• **DATA LISTING**:
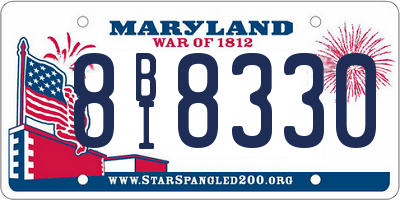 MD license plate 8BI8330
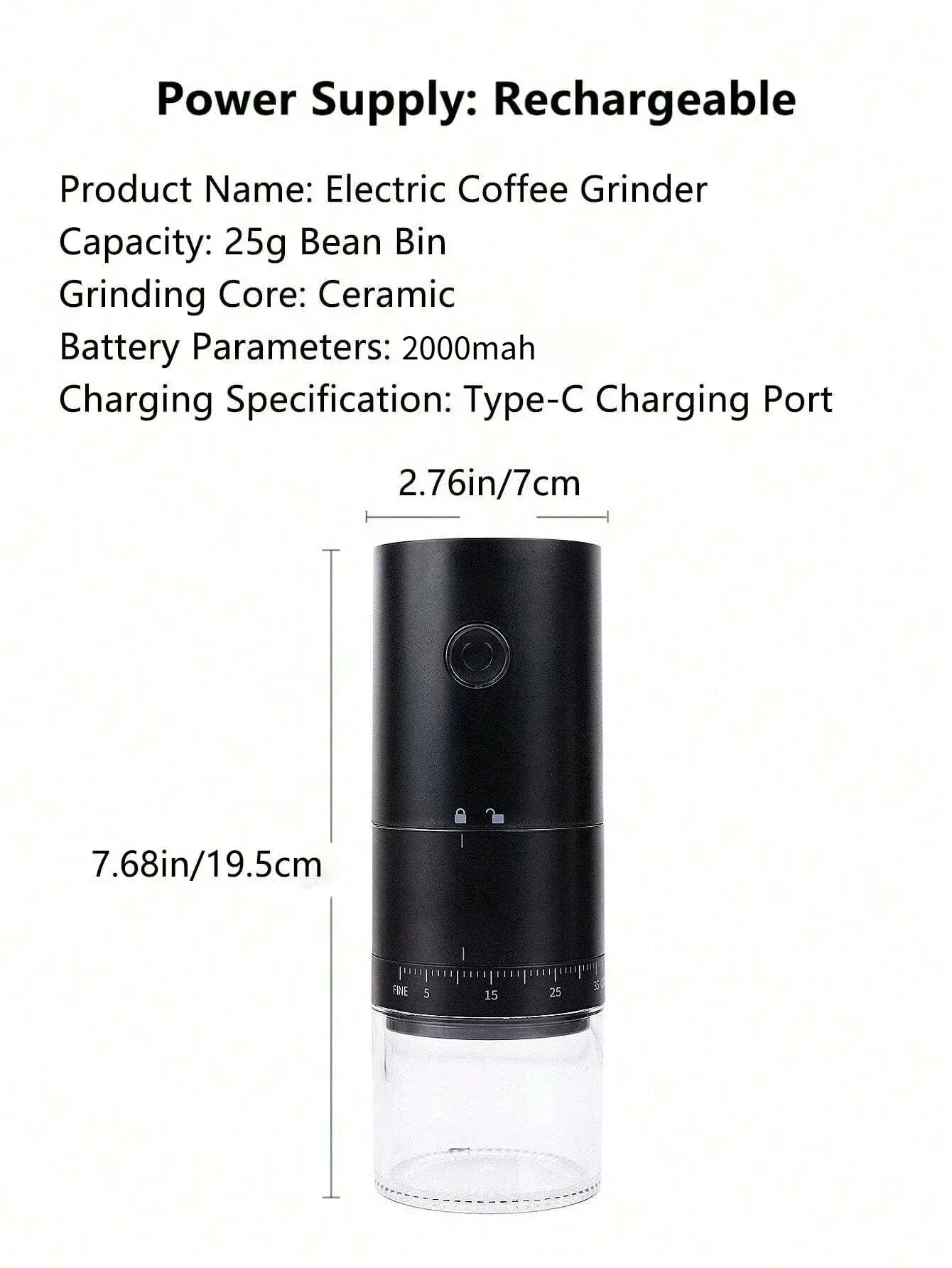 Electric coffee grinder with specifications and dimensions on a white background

* * *

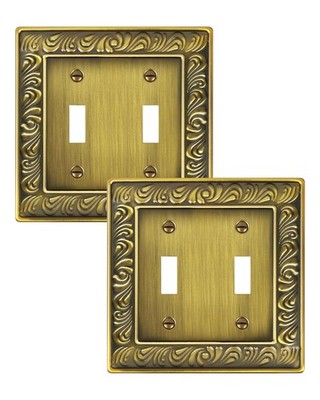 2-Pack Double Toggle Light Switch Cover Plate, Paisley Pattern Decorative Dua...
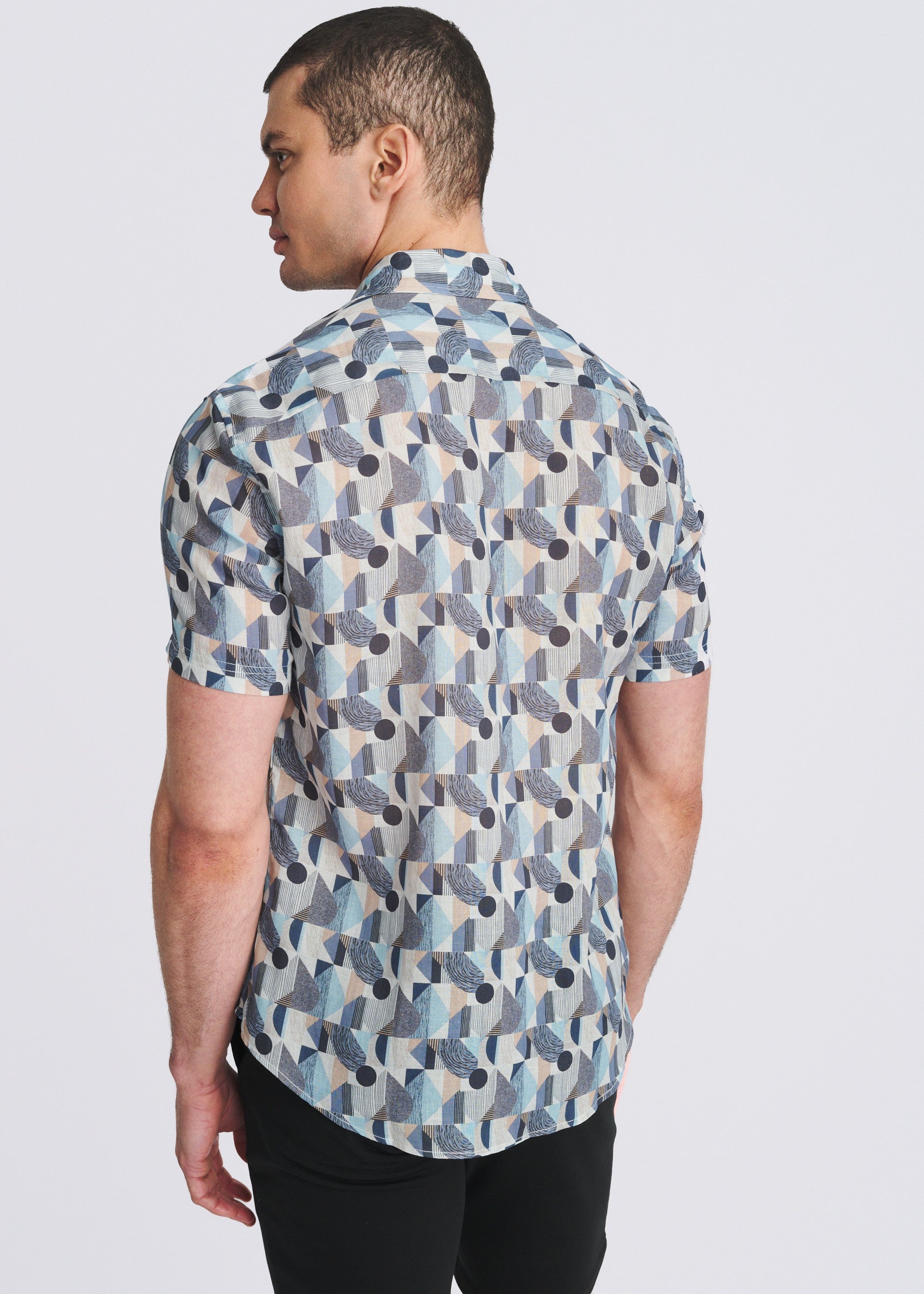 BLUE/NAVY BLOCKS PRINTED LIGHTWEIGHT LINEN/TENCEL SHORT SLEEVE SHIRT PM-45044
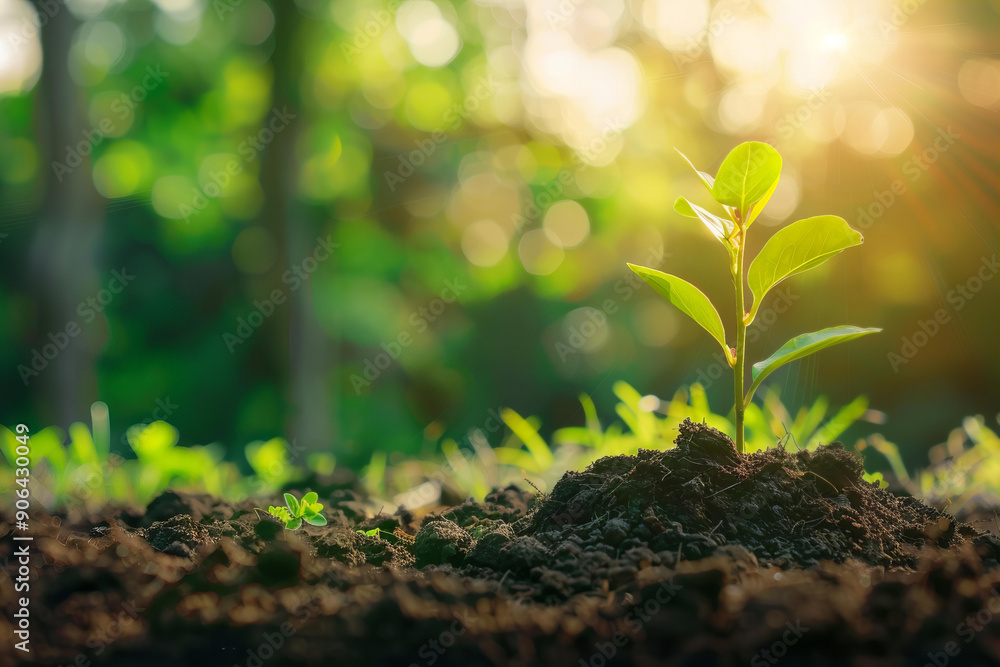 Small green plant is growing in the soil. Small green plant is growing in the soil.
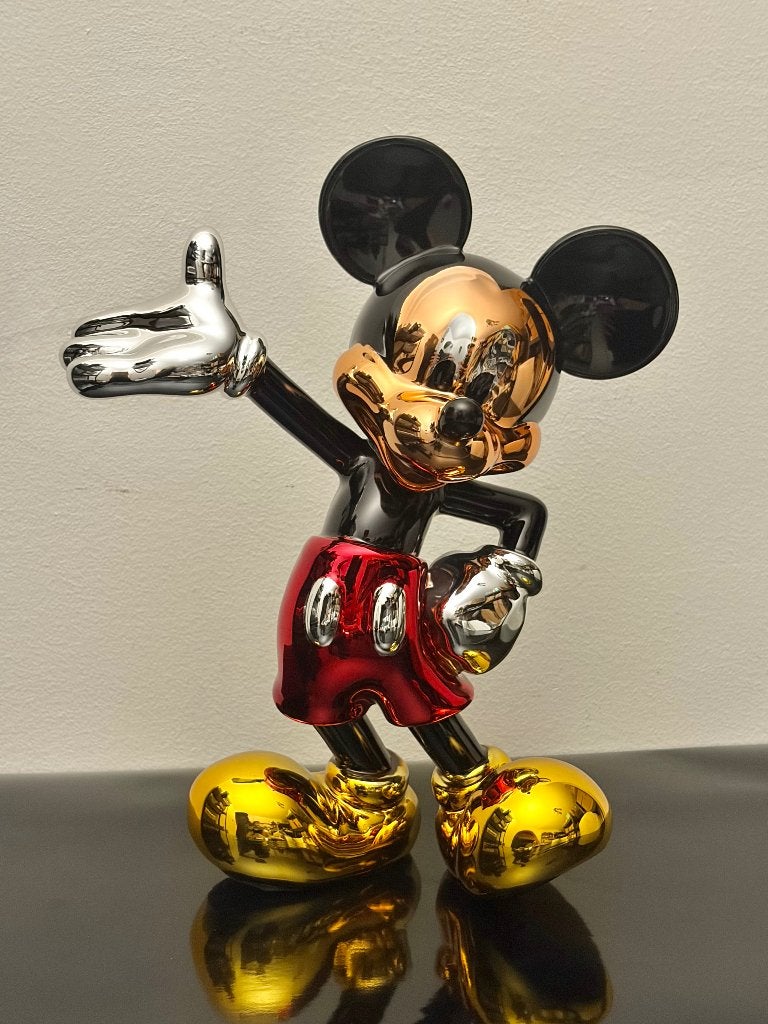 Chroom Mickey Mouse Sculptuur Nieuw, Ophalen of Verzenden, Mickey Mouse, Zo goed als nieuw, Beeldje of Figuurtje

• **PROBLEM**: Here the job is to copy the listing above word for word, starting at the line with "BLUE/NAVY BLOCKS PRINTED" and ending at the line with "Chroom Mickey Mouse", and to leave out the pictures.

• **WRITTEN SOLUTION**:
 BLUE/NAVY BLOCKS PRINTED LIGHTWEIGHT LINEN/TENCEL SHORT SLEEVE SHIRT PM-45044
 Small green plant is growing in the soil. Small green plant is growing in the soil.
 Chroom Mickey Mouse Sculptuur Nieuw, Ophalen of Verzenden, Mickey Mouse, Zo goed als nieuw, Beeldje of Figuurtje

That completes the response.